Try this yoga sequence to develop your sense of direction and plant yourself firmly on your path to greatness

We all have a dharma and once we've determined what that is, we're in a really big, damn hurry to get going. This yoga sequence will not only help you develop your inner compass, but chances are it will shake loose the information that, up until now, has felt elusive and evasive. Give it a go and let us know any awakenings you have. We'd love to see you execute it on IG. If you decide to go that route, please tag us so we can tag you back. As I said, we're all in this together, yo.

  • Begin in Tadasana (Mountain Pose). Get oriented to your crown being north, your feet being south, your left side being west, and your right is east. Visualize a bright compass sitting directly in the center of your chest. Feel its presence guiding you.

  • Reach your arms wide (east and west). Bend your knees and lower your hips (south) into Chair Pose. Wrap your left arm over your right arm, hugging yourself tightly. Position your palms together, then wrap your right leg over your left culminating into Eagle Pose. Pull everything towards the center of your body, stimulating your inner compass. We can always come back here if we get lost.
  • Unwrap everything and find the four corners of your space. Arms are out in a V-shape and step your legs into a V as well landing in Star Pose. Take up space while feeling grounded. Breath deeply, filling yourself with a sense of clarity and strength. Hop back to center, Mountain Pose.
  • Fold forward into Uttanasana (Standing Forward Bend). Invert so that everything is moving south. Take advantage of this perspective shift by noticing the change in your breath and reorienting your focus.
  • Step back into Plank Pose. Look forward (north). Feel your heels reach back (south). Come onto your shins into tabletop. Move your hips toward the ceiling or sky and your heart forward into Cow Pose. Dome your upper back and point your hips down pulling your ribcage into your spine, Cat Pose. Take a few rounds to massage your spine and enjoy the directional pulls motivated by your breath.
  • Come back to tabletop and extend your left leg straight back landing on the ball of your foot. Now step your left over to the right side of the room (east). Feel the radiation in your hips and you move along a diagonal plane. Your leg is straight. Now bend it and move your left kneecap behind your right knee crease. Move your shins as far apart as you can and walk your hands further to the left, maintaining a diagonal line (northwest). Sit back if your hips allow for it, possibly all the way to the ground. Breath here for as many moments as you like. return to tabletop and repeat on the other side. Each time you shift directions, enjoy the reorientation process always knowing you control the direction.
  • Once you've completed both sides and returned to tabletop, sit back in Child's Pose (Balasana) and rest, coming back to your center.

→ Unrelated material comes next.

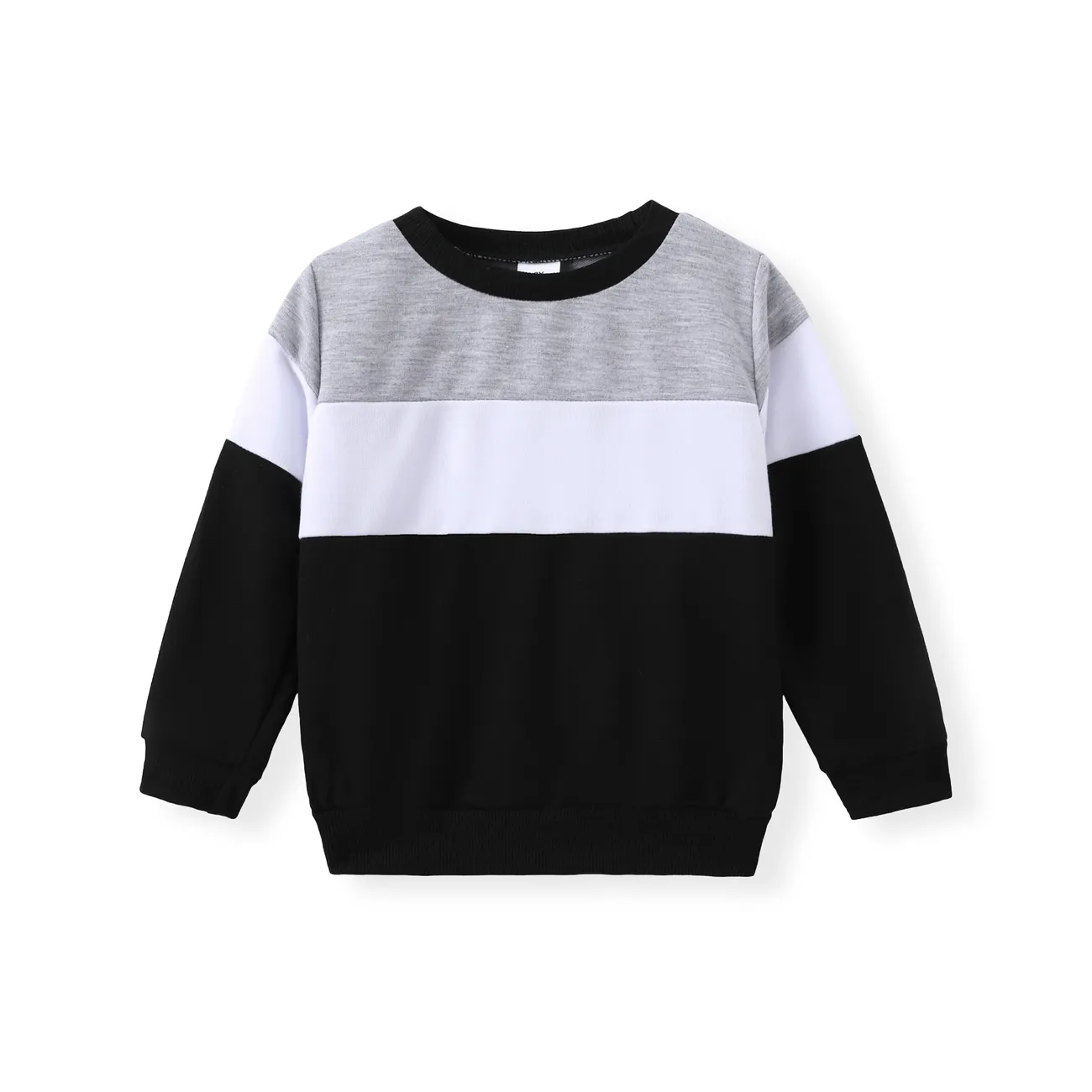 2pcs Toddler Girl Trendy Colorblock Sweatshirt and Elasticized Pants Set Black big image 1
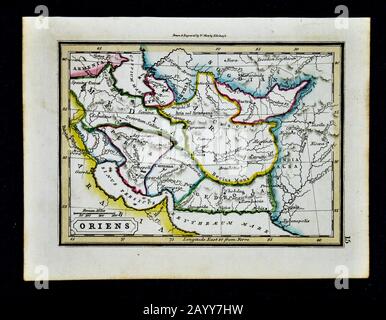 1832 Murphy Map Ancient Oriens Middle East Iran Iraq Afghanistan India Pakistan Stock Photo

Even when we change our direction, we can always find our way back. This eliminates the fear of going the wrong way. We can undo and reverse our direction whenever we feel the need. But even when we do this, we are still moving forward with new knowledge and a better understanding of where we want to be. Being still isn't being stagnant. Enjoy everywhere your mind and body go today. It all serves a purpose.